4. Results and discussion

Despite constant power to speed ratio (P/V), the dimensions of the molten pool, especially length, significantly increased as shown in Fig. 3 and observed in other work [14]. However, peak measured radiance temperature at all scanning parameters varied less than 100 °C. The slight asymmetry of the laser profile visibly affects the temperature distribution, seen on the IN625 at 350 W and 1400 mm/s in Fig. 3.

Fig. 3.

Fig. 3.

Example thermographic video frames of the IN625 bare plate substrate at different laser power and speeds. The red circle indicates location of the laser profile at 86.6% of the peak power.

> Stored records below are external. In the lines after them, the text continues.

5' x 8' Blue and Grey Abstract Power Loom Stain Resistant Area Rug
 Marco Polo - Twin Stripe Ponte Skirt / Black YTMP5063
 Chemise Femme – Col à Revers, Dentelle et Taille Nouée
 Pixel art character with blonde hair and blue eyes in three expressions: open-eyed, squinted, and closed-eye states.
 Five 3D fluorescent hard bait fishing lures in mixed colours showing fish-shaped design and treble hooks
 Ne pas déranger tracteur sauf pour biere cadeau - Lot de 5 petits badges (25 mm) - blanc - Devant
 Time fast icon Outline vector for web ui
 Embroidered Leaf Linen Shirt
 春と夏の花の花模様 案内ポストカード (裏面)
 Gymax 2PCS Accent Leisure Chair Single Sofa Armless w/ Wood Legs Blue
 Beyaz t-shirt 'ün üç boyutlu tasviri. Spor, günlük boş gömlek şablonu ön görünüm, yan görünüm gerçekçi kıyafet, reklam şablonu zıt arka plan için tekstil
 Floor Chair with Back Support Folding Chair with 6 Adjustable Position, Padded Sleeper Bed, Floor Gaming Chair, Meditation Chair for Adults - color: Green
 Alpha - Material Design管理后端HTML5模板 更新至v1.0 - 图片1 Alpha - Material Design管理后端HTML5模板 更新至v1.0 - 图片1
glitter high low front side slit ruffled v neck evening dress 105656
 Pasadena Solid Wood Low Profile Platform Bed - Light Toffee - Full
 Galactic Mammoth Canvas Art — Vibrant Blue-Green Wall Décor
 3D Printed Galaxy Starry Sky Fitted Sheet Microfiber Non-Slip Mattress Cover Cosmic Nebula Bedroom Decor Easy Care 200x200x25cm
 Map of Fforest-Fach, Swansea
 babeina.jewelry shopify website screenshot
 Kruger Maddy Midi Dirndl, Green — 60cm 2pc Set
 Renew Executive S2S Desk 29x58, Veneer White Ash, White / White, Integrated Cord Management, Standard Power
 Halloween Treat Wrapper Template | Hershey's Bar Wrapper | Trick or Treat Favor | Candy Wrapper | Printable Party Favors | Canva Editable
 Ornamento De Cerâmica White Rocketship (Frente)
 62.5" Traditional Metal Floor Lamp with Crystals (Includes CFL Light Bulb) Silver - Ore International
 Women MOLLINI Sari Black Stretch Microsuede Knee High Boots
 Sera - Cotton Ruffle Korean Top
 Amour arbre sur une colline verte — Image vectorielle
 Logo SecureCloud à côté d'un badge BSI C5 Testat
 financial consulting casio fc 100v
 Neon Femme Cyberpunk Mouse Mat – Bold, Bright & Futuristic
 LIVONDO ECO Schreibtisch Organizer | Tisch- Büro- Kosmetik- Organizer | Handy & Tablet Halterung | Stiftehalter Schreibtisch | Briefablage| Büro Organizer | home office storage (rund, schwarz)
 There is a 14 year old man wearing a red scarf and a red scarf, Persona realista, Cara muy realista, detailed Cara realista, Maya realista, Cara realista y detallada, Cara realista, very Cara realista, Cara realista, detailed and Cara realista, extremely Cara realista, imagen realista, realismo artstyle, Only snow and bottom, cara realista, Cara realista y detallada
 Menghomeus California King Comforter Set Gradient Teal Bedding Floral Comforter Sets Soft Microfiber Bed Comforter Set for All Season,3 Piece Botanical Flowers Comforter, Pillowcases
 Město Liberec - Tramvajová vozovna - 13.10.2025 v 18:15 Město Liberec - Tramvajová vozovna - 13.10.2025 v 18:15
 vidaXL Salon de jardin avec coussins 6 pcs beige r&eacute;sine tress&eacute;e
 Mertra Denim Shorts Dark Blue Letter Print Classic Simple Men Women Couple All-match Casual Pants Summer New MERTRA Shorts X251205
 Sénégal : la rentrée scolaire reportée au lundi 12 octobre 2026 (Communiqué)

The plots in Fig. 4 show that the peak radiance temperature shifts with increasing energy and moves forward relative to the scanning direction for all materials. Comparing the bare plate versus powder for the same material, the opposite trend occurs. The temperature peak leads the laser for IN625 bare substrate but aligns or lags for the powder. For Ti6Al4V bare plate, the laser leads the peak temperature, but is closer to the laser in powder.

Fig. 4.

Fig. 4.

Central profiles of melt pool images at different process conditions relative to the laser spot power profile (red).

The location of the peak temperature varied from ±1 μm to ±10 μm between video frames (1σ) for different power, speed, and materials. For the materials used, with increasing P/V, the radiance temperature peak shifts to the positive scanning direction. This shift might happen due to an increased metal evaporation, high recoil pressure, and steeper depression of the molten pool, as well as the occurrence of strong flows that contribute to the formation of an intense mass ejection of the melt, as well as non-uniform heating of the cavity wall due to reflection and scattering of the laser energy [2]. Variations due to powder vs. no powder, input laser energy, and material thermal properties have shown to affect the laser absorption [15] as well as vapor depression shape [12]. Nevertheless, this is an ongoing study and the proposed measuring method contributes to the metrological basis for further physical understanding.

5. Conclusions

This research demonstrates a method to measure laser spot position relative to the radiance temperature distribution of the melt pool during LPBF single-track scans. The displacement of the peak radiance temperature relative to the laser spot is statistically distinguishable. With increasing power to speed ratio, melt pool temperature isotherms increase in size and the peak radiance temperature moves forward relative to the scanning direction. Future experiments will include a 850 nm reference laser spot, and extend the temperature range to include the melt pool solidification boundary.

Footnotes

Declaration of Competing Interest

The authors declare that they have no known competing financial interests or personal relationships that could have appeared to influence the work reported in this paper.